November 24, 2022 at 10:22 am #41494
‘Why don’t I keep practicing the breathless absorption?’
yannūnāhaṁ appāṇakaṁyeva jhānaṁ jhāyeyyan’ti.
– Breathless absorption being mentioned here, is this the same as the 4th jhana?
-“appāṇakaṁyeva jhānaṁ” is another name for the 4th jhana?
“So I cut off my breathing through my mouth and nose and ears”
So kho ahaṁ, aggivessana, mukhato ca nāsato ca kaṇṇato ca assāsapassāse uparundhiṁ.
– I see the word “assāsapassāse” here, we know assāsapassāse can have 2 different meanings. The conventional meaning of breathing in and out, and the deeper meaning of taking in the noble 8 fold path and discarding what’s not the noble 8 fold path. From what I can understand of the Pali words in the sentence, I don’t believe assāsapassāse latter meaning fits here, but the conventional meaning of breathing in and out would make more sense to me. But I don’t see the word “assāsapassāse” in that sentence being translated as breathing in and out.
– So I’m wondering if “so I cut off my breathing through my mouth and nose and ears” is correct or a good enough translation for “”mukhato ca nāsato ca kaṇṇato ca assāsapassāse uparundhiṁ”? If it is not, can you provide us with another translation?
November 24, 2022 at 11:15 am #41495
Any verse in a sutta needs to be analyzed in context. The above verses refer to when our Bodhisatta went through six years of “unfruitful efforts,” subjecting the body to hardships.
Again, it is a good idea to read a sutta with Plai and English side-by-side (keeping in mind that translations of some verses are incorrect). I am linking to emphasize the above point (“Before my awakening”):
“Mahāsaccaka Sutta (MN 36)”
The translation is correct here:
“So I cut off my breathing through my mouth and nose and ears
So kho ahaṁ, aggivessana, mukhato ca nāsato ca kaṇṇato ca assāsapassāse uparundhiṁ.”
– The Bodhisatta was trying a practice implemented by some ascetics to “remove defilements by subjecting the body to hardships.” “assāsapassāsa” in the above verse DOES refer to “breathing in and out.” He was forcefully stopping breathing in and out.
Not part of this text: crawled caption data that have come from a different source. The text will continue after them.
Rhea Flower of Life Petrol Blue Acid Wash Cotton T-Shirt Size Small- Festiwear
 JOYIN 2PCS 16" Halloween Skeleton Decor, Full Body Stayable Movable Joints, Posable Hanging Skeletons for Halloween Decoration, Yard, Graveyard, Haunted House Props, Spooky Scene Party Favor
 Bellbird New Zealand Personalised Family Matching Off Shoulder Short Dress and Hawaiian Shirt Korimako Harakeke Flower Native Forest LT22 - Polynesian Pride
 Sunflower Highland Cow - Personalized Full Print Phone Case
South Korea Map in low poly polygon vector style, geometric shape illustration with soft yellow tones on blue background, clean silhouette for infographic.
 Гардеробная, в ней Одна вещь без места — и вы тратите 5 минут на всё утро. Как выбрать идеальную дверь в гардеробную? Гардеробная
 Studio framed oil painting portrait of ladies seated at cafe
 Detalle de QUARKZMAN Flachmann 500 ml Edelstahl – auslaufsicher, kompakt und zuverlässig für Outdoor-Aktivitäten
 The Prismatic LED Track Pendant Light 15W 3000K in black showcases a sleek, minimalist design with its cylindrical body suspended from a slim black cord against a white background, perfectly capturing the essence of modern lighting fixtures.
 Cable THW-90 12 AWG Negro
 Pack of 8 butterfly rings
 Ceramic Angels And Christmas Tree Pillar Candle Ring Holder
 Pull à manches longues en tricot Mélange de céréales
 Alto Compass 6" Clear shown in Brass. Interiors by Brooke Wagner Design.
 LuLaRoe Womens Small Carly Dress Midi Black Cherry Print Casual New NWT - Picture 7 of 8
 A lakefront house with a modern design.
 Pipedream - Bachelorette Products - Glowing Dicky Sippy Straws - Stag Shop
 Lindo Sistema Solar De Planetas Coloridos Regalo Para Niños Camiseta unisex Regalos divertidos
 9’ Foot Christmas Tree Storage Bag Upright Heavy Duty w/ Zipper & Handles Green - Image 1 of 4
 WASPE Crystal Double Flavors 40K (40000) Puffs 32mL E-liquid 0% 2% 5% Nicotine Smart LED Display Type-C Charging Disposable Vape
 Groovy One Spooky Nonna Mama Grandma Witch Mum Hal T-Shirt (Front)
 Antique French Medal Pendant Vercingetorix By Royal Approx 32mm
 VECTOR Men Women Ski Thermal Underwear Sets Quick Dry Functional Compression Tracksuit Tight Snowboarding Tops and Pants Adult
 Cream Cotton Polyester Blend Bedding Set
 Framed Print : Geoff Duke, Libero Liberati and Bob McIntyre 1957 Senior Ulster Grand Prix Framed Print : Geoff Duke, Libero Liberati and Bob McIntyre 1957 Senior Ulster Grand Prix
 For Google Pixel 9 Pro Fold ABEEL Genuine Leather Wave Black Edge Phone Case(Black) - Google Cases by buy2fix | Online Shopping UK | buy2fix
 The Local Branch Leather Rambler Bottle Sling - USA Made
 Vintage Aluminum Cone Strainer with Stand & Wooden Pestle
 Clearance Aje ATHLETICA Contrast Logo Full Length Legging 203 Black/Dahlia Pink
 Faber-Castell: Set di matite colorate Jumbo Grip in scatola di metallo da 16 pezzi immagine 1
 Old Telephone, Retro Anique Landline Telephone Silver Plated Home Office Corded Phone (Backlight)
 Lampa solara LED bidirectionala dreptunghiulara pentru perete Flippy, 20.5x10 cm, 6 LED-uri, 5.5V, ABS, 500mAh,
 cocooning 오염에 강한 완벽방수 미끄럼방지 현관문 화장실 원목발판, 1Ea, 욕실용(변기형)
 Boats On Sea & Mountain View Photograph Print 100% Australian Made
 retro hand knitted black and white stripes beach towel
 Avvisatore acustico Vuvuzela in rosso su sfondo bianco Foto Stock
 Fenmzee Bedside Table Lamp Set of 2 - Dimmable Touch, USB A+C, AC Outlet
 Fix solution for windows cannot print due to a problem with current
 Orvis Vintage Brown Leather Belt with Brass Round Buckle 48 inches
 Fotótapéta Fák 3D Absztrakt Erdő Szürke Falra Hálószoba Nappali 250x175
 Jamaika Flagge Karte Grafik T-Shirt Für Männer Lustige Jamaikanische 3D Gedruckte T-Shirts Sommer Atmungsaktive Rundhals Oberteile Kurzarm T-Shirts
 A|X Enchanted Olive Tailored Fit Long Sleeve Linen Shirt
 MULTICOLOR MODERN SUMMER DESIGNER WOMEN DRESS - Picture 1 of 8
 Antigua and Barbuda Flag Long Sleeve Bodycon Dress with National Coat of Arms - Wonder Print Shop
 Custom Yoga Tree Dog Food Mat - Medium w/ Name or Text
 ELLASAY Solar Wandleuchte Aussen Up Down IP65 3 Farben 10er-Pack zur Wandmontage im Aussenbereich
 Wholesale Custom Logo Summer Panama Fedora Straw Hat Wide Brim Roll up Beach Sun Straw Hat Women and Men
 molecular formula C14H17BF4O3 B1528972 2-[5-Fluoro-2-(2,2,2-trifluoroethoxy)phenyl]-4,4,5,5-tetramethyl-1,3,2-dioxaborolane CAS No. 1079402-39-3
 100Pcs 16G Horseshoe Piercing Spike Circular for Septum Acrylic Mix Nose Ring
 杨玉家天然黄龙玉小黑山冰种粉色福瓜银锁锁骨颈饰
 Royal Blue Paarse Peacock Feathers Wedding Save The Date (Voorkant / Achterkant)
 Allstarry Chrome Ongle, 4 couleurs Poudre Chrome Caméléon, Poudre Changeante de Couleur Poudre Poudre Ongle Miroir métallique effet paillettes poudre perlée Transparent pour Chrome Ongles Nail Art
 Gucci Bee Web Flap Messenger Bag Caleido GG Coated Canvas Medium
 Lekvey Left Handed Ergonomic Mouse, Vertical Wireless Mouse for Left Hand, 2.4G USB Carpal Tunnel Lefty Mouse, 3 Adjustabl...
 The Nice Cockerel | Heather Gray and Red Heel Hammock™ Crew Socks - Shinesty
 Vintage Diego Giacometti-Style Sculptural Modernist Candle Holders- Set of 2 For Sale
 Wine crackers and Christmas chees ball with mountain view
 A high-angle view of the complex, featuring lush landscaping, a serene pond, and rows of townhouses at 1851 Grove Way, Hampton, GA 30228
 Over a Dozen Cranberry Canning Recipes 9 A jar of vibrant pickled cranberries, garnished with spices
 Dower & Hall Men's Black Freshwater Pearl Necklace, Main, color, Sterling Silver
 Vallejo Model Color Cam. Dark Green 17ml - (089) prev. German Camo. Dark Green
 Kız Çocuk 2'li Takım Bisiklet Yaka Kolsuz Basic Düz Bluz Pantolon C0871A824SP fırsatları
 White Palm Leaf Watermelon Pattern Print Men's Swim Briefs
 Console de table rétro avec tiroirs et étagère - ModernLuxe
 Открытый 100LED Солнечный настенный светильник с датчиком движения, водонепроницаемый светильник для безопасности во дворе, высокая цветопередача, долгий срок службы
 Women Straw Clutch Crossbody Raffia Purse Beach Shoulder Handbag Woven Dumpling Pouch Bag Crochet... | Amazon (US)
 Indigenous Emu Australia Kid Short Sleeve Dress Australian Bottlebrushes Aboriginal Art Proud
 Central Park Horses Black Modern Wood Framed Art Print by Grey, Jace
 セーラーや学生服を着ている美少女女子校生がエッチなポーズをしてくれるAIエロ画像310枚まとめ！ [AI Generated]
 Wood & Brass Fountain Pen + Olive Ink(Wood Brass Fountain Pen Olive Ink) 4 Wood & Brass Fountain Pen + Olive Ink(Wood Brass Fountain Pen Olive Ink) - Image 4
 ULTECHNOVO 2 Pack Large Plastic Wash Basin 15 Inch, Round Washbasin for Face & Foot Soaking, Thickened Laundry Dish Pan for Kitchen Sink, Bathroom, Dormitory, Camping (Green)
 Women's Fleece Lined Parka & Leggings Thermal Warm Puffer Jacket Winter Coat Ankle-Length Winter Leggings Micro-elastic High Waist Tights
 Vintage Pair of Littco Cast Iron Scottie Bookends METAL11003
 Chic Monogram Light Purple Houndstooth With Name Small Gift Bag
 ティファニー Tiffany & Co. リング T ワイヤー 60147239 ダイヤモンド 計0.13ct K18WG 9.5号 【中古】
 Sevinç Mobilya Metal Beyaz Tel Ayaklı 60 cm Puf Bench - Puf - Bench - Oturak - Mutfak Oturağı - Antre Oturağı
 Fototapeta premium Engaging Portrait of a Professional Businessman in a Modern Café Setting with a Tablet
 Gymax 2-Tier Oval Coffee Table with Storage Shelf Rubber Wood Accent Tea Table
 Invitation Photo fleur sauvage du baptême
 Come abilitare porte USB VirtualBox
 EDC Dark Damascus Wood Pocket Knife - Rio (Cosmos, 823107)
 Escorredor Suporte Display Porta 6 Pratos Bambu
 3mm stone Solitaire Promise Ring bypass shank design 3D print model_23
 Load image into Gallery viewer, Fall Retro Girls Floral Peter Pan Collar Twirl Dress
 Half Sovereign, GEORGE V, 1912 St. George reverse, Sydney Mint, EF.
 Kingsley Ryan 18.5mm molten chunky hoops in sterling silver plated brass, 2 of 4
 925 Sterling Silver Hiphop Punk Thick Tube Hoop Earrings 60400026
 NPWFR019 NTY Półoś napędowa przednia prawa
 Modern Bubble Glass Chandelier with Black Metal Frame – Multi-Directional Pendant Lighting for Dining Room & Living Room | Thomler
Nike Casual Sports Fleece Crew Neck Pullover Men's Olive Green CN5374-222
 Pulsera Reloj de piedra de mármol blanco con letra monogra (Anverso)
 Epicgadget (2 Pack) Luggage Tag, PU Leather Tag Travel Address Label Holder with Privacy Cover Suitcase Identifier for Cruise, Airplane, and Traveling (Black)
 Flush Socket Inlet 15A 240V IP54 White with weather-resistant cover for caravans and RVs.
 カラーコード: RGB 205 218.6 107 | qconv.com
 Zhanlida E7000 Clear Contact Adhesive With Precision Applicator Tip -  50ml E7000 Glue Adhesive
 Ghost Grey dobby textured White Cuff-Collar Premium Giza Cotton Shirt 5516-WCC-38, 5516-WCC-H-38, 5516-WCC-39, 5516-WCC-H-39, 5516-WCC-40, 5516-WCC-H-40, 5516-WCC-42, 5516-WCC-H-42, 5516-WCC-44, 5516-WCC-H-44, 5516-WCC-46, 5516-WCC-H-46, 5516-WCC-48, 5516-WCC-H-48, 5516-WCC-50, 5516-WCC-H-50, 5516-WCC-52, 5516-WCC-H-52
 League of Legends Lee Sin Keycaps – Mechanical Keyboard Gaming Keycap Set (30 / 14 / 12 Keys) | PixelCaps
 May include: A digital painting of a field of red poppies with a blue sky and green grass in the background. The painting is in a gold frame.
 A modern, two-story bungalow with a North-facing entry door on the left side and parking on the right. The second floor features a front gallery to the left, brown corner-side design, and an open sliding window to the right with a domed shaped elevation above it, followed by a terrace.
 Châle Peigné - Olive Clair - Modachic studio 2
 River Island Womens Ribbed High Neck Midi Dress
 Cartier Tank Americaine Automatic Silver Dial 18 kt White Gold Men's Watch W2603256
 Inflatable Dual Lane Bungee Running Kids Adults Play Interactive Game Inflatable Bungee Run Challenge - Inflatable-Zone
This is why it is CRITICAL to note the context. Read the whole sutta, not just specific verses.
But the translation of the first verse you quoted is INCORRECT:
“‘Why don’t I keep practicing the breathless absorption?’
yannūnāhaṁ appāṇakaṁyeva jhānaṁ jhāyeyyan’ti.”
– Here, “jhānaṁ jhāyeyyan’ti” is INCORRECTLY translated as “breathless absorption.”
– As we have discussed, “jhāyi” means to “burn,” specifically to “burn defilements.” The Bodhisatta thought, “Why don’t I try burning defilements (by stop breathing)”?
– See “Jhāna, Jhāya, and Jhāyi – Different Meanings”
This is why it is dangerous to translate (or read) Pali suttas word-by-word without understanding the context!